Exercise description: Would you set down the data that follows, word for word, without any pictures?

Provided data:
● ● ●
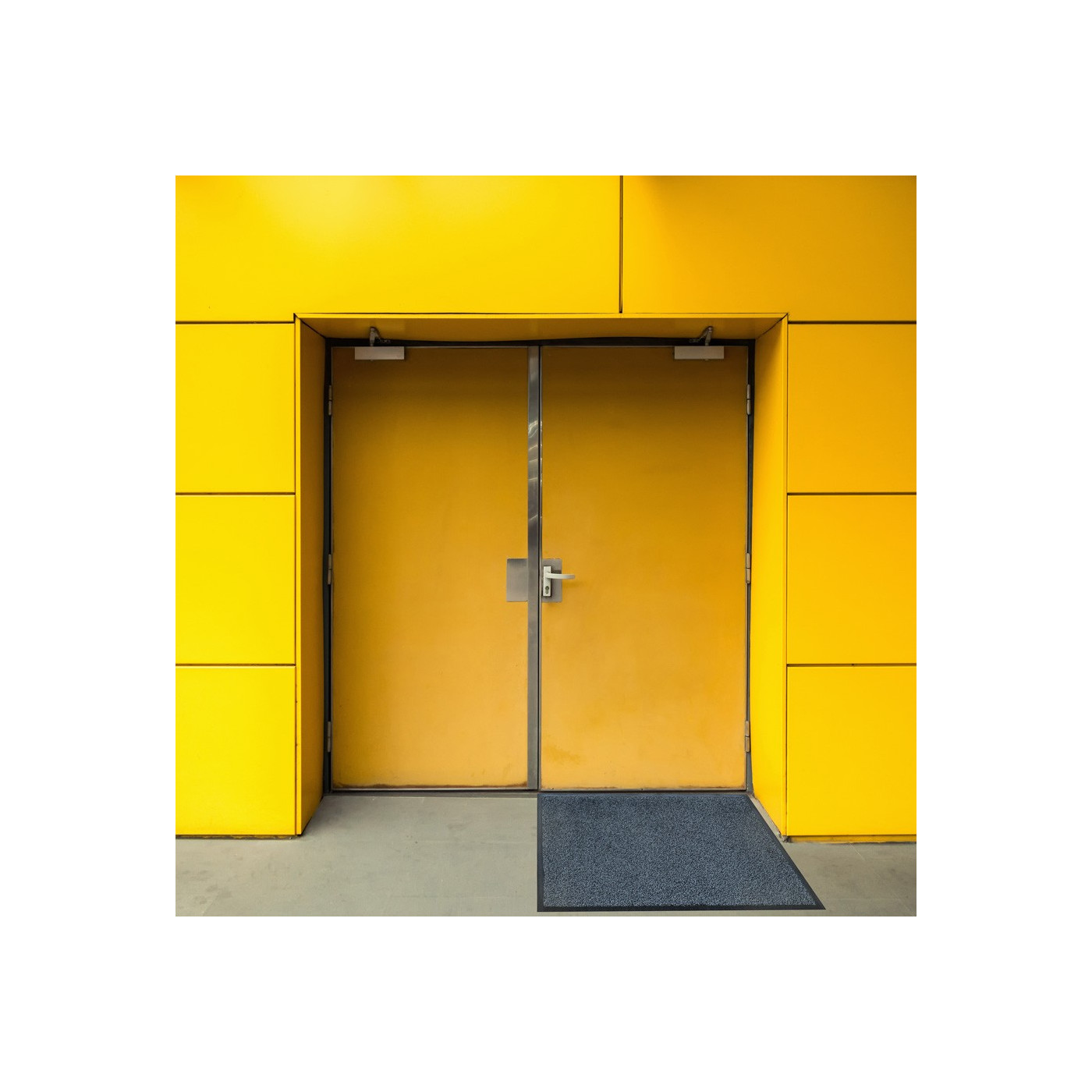 Desinfektionsmatte 85 x 150 cm - Techem Laden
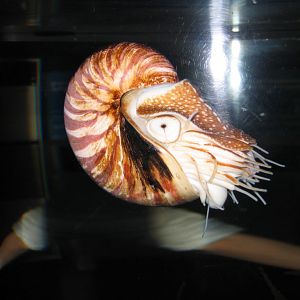 Nautilus - COEX Aquarium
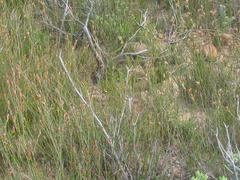 Willdenowia arescens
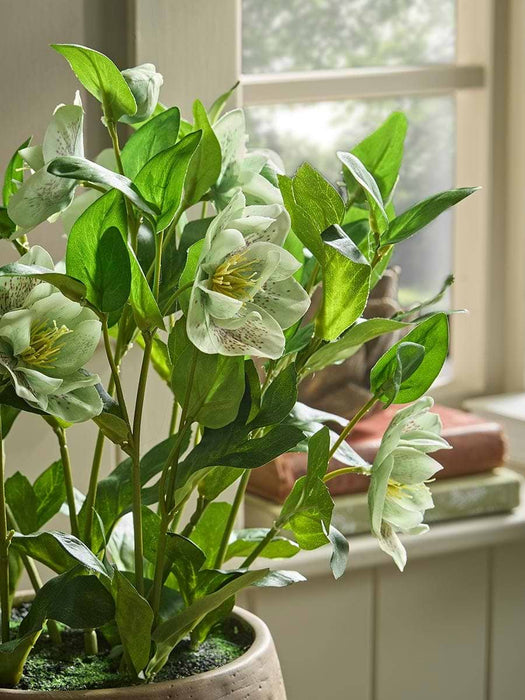 Faux Potted Hellebore - Green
● ● ●
Result of this task:
 Desinfektionsmatte 85 x 150 cm - Techem Laden
 Nautilus - COEX Aquarium
 Willdenowia arescens
 Faux Potted Hellebore - Green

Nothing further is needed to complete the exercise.